Text Metric Implementation Variance
The same text scored on the same formula by two different tools will give two different numbers. This is not a bug in either tool. It is a structural property of how text metrics are defined: the published formulas operate on inputs — token counts, sentence counts, syllable counts, complex-word counts, lemmas — that the formulas themselves do not specify how to derive. Each tool fills those gaps with its own heuristics, and the heuristics drift.
Treating any single tool's output as ground truth confuses a measurement with the measurement. There is no canonical implementation of FKGL, Gunning Fog, or MTLD. Web tools, R packages, Python libraries, and academic reference implementations all disagree by characteristic margins on identical text.
Where the variance comes from
Four mechanisms account for nearly all the disagreement between tools.

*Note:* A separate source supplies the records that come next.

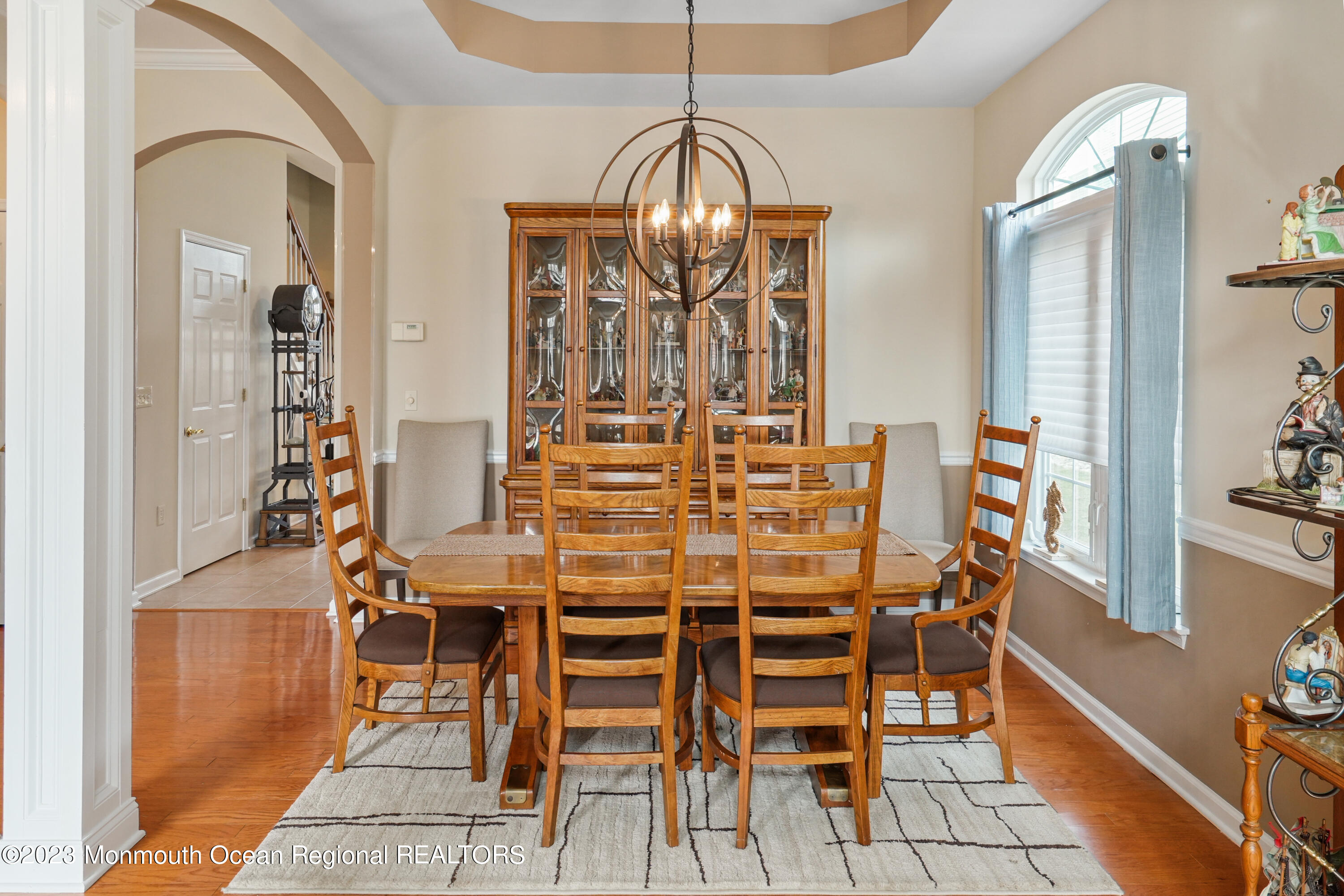 14 Marblehead Place Barnegat, NJ 08005 - Photo 6 of 32 DSC07830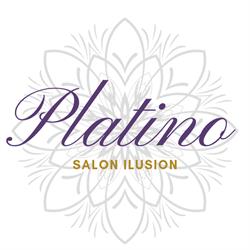 Platino - Salón Ilusión en Tulancingo (Plan De Ayala) - Horario de apertura
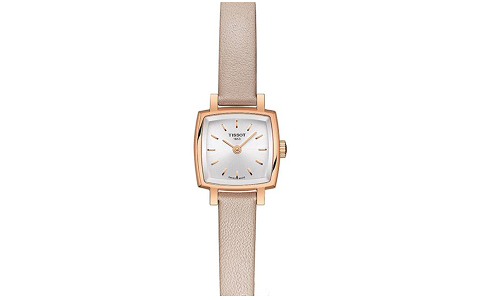 watch手表是什么品牌？值得选择吗？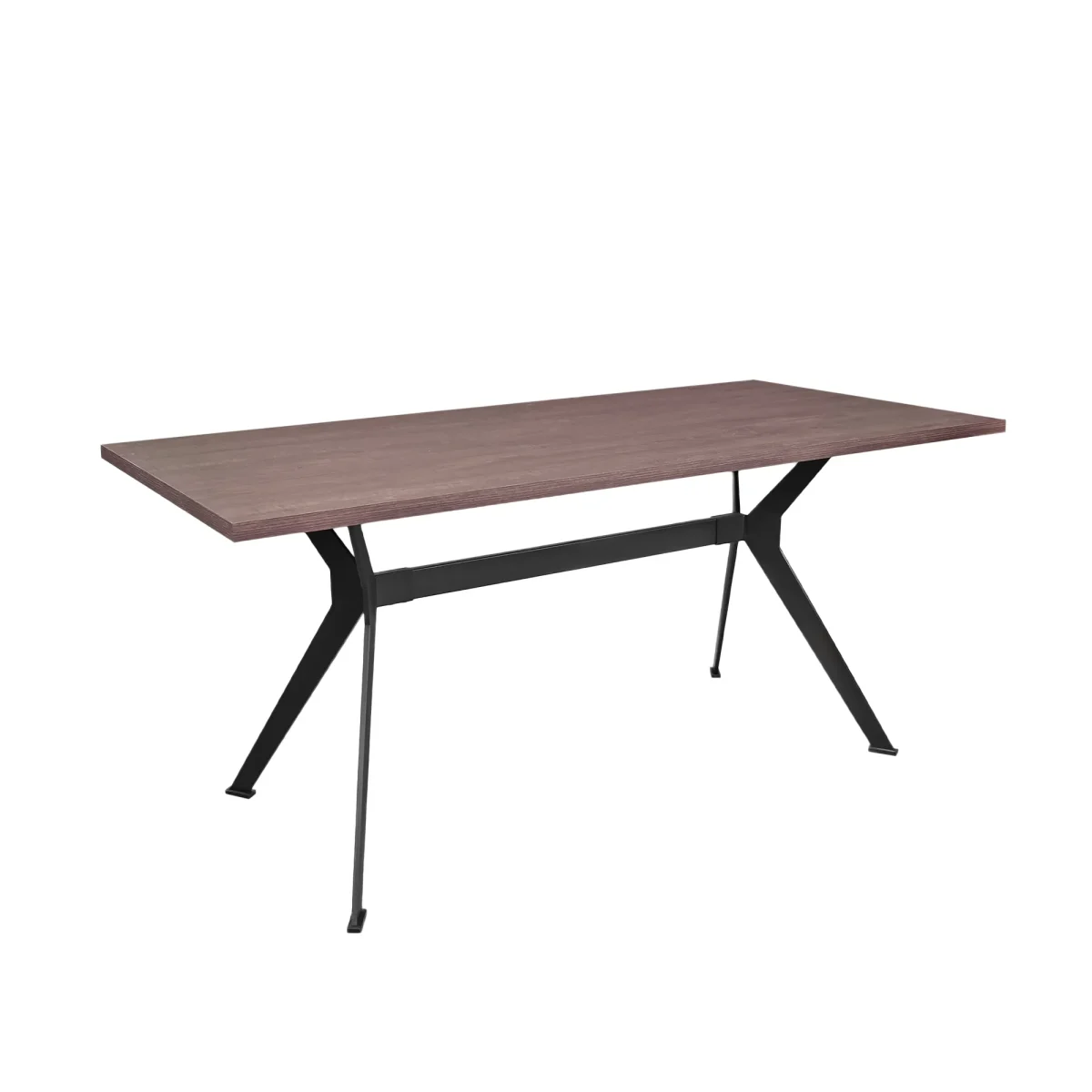 Masa MIRA 170*80 - imagine 8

Tokenization. What counts as a word? Hyphenated compounds (one token or two), contractions (don't → one or two), numbers, URLs, and punctuation-attached forms each have defensible answers. Different tokenizers produce token counts that differ by 1–3% on prose, more on technical text.
Sentence segmentation. Periods inside abbreviations (U.S., Dr.), semicolons, colons, and bullet lists each force a heuristic call. Sentence count enters every readability formula as a denominator, so even small differences shift the score.
Syllable estimation. The Carnegie Mellon Pronouncing Dictionary covers ~134k forms and is the gold standard; tools that fall back to a CMU lookup (e.g. Text Inspector) tend to read slightly higher on grade-level metrics because CMU counts more syllables in dense academic vocabulary than letter-pattern heuristics do. Pure heuristic syllable counters (typical of letter-pattern Python implementations using pyphen or vowel-cluster rules) are systematically lower by a small margin. This single difference accounts for most of the FKGL and Gunning Fog drift between tools.
Complex-word definition. Gunning Fog's original specification excludes proper nouns, compound words, and words made polysyllabic only by common suffixes (-ed, -es, -ing). Almost no implementation actually applies the full exclusion list. Tools closer to the spec read lower; tools that count every 3+-syllable token read higher.
For MTLD specifically, the McCarthy and Jarvis (2010) specification averages a forward and a backward pass over the text. Some implementations run forward only, which moves the score by 5–15 points on the same text. Lemmatization choices add another few points of variance.
Characteristic margins
Inter-tool drift is large enough to notice but small enough to be uninformative about either tool's correctness. On the same prose passage:
- Flesch Reading Ease: 1–5 points typical, on a 0–100 scale.
- Flesch-Kincaid Grade: 0.5–1.5 grade levels typical.
- Gunning Fog: 0.5–2 points typical.
- MTLD: 5–15 points typical, ~3–10% of the value.
A delta inside these bands is noise. A delta outside them is worth investigating. A delta that flips direction across passages — Tool A reads passage X harder, Tool B reads passage Y harder — is the signal that something is genuinely broken.
What this means for tool choice and validation
The right way to validate a new readability or lexical-diversity tool against an established one is rank correlation across a corpus, not number-matching on a single text. If a candidate tool ranks ten reading passages in the same order that Text Inspector does, the two are equivalent for a calibration job, regardless of whether their absolute FKGL numbers match. If the rankings disagree, the variance has crossed from calibration drift into genuine construct disagreement and the tool is not yet a substitute.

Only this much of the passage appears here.